WORK ORDER -
An exact restatement of the entire listing is needed, excluding all images.
═══ DATA SEGMENT
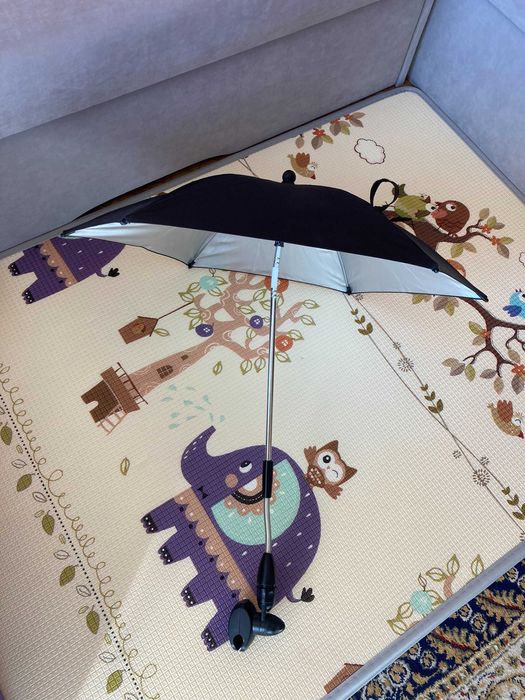 Бебешка количка MAXI-COSI LEONA 2 цвят TWILLIC GREEN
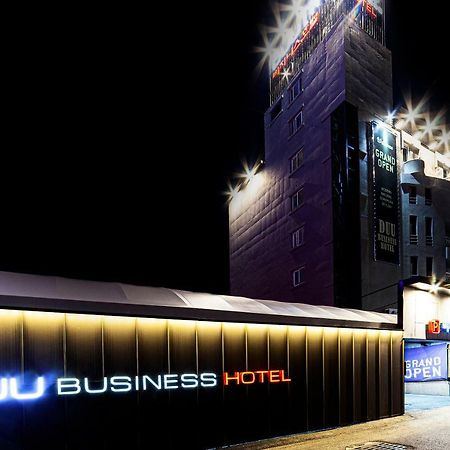Hotel Duu Gwangju Metropolitan City Buitenkant foto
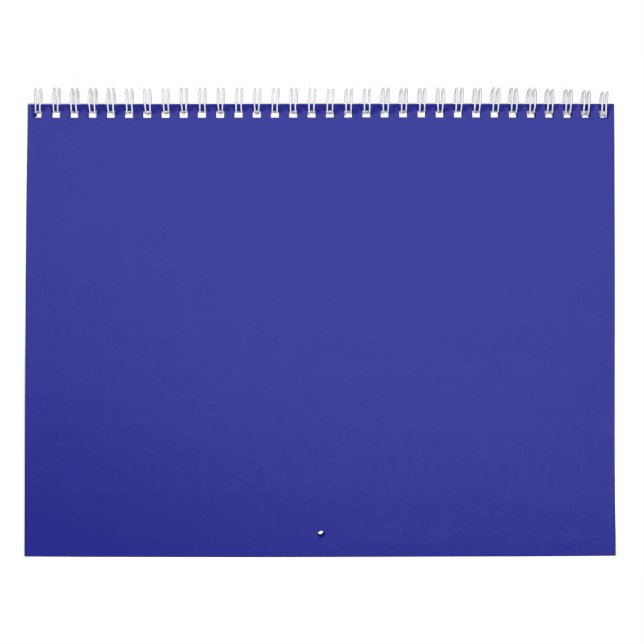 Kalenderplaner för anpassningsbar för hem och kont kalender (Omslag)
══════
RESPONSE BELOW -
 Бебешка количка MAXI-COSI LEONA 2 цвят TWILLIC GREEN
Hotel Duu Gwangju Metropolitan City Buitenkant foto
 Kalenderplaner för anpassningsbar för hem och kont kalender (Omslag)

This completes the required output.